/LW3_database_generator

A program for generation of millions of records of interconnected data using Faker

Primary LanguageJupyter Notebook

Generate 100 million records of interconnected data

As a part of a lab work in "Database Management Systems Course" at BMSTU we had a task to popullate a database with a 100 million records of data in order to subsequently learn how to optimize DB and queries. This repo contains Jupyter Notebook for generating data for a given DB schema.

How it works?

The program relies on Python library faker. Faker is capable of generating a variety of data, from basic numbers to existing addresses and json files. The obvious flaw of using Faker is it's execution speed, which is rather slow.
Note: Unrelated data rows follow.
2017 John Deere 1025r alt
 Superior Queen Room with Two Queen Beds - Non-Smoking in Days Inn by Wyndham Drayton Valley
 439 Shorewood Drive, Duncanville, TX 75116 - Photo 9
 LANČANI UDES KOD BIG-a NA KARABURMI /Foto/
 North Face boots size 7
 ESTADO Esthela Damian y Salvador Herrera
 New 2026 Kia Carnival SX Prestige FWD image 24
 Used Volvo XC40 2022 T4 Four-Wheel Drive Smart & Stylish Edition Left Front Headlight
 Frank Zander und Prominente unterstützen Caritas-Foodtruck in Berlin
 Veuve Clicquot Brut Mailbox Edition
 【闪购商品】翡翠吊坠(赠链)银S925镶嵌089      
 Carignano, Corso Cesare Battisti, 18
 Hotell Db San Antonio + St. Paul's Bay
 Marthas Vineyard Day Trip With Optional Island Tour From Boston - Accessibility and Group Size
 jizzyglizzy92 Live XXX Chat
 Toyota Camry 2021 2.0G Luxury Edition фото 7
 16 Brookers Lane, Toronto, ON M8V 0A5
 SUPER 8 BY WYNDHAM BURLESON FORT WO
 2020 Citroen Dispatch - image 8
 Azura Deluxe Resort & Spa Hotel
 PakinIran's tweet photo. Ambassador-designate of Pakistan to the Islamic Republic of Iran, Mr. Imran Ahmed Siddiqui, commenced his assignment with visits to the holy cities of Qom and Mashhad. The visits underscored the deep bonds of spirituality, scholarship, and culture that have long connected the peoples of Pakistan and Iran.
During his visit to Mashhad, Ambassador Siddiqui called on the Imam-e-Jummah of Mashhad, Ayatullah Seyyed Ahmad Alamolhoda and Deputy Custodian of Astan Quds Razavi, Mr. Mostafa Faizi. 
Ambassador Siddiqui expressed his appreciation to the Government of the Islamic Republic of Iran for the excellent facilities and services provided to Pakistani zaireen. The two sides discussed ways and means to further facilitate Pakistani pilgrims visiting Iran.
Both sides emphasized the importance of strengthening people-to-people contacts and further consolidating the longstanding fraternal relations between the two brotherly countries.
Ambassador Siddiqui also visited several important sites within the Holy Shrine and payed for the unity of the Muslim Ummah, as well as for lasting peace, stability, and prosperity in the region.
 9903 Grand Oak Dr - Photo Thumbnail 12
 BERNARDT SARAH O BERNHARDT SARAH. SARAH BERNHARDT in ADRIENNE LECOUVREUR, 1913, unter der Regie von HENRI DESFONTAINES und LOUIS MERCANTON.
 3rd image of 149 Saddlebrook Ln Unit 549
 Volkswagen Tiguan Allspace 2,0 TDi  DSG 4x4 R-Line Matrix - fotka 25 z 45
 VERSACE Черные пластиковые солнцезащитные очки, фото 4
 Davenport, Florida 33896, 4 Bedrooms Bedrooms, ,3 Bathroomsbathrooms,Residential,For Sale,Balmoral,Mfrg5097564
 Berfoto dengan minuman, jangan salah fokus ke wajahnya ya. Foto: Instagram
The whole program is basically a single class with functions defined for every table in a database. generate_csv may check the input, create a directory for output files if it wasn't done before, and run functions for generating every single table.

During the process of development of a program it became obvious that it will be faster to pre-generate some data using Faker and saving it in a separate file, where possible.

If you feel more comfortable with Google Colab, you may find the source code here.

The database

db_schema Schema of database

Given DB describes logistics innformation for a random company in the US, including locations of warehouses, information about trucks, drivers and every single cargo shipment.

The database consists of 5 tables and has a star-like shape with 4 tables being connected to the main one (run).

Further learning

The execution of the program for 100m records for 2 two tables (as stated in the task) takes more than 40 minutes. Obviusly there is a plenty room for optimization.

Some data may also seem unrealistic. For instance, calculating distance using geopy would increase execution time for run table by almost 40%. That is why I decided to generate a random distance, that doesn't involve actual coordinates. Apparently there is a way to optimize the formula (maybe using not exact, but approximate value) without dramatic execution time increase.